Были в письме и следующие строки: «Любезный Александр, когда ты рассудишь заняться чем-либо серьезно, то не думай много о сюжете, но выбери какой-нибудь обыкновенный предмет и начинай с Богом… но старайся не брать предметов развратных для нравственности».
Так и видится, отец стремится уберечь сына от увлечения опасными мыслями, могущими доставить глубокие неприятности.
В ту пору разгоралась так называемая Польская кампания. Поляков не устраивало лишение их государственной независимости и вхождение в Российскую империю на правах провинциальной области, как и введение правления русского наместника — великого князя Константина Павловича. В Варшаве поднялось восстание.
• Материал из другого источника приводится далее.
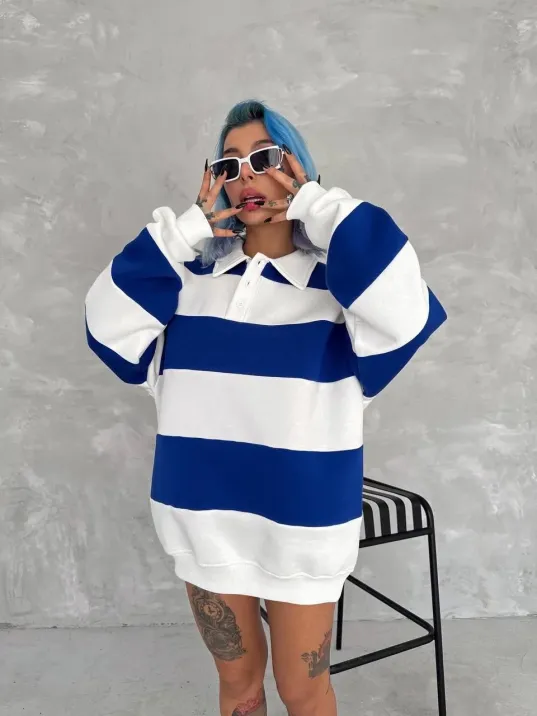 Unisex Üç İplik Parçalı Yakalı SweatShirt - Mavi Unisex Üç İplik Parçalı Yakalı SweatShirt - Mavi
Неспокойно было и в Италии. В Парме, Модеме, Тоскане давали знать о себе революционеры.
«Предохранительность вами сообщаемая не вмешиваться в партии или, лучше сказать, в политику в виду положения Европы, будет с моей стороны свято соблюдаться», — отвечал Александр отцу в марте того же года.
В ту пору свободного времени у него почти не было. Он хлопотал о разрешении сделать картон с «Создания человека» Микеланджело в Сикстинской капелле, начал картину «Аполлон, Кипарис и Гиацинт, занимающиеся музыкой и пением»[19] и принялся сочинять эскизы на библейские и мифологические сюжеты.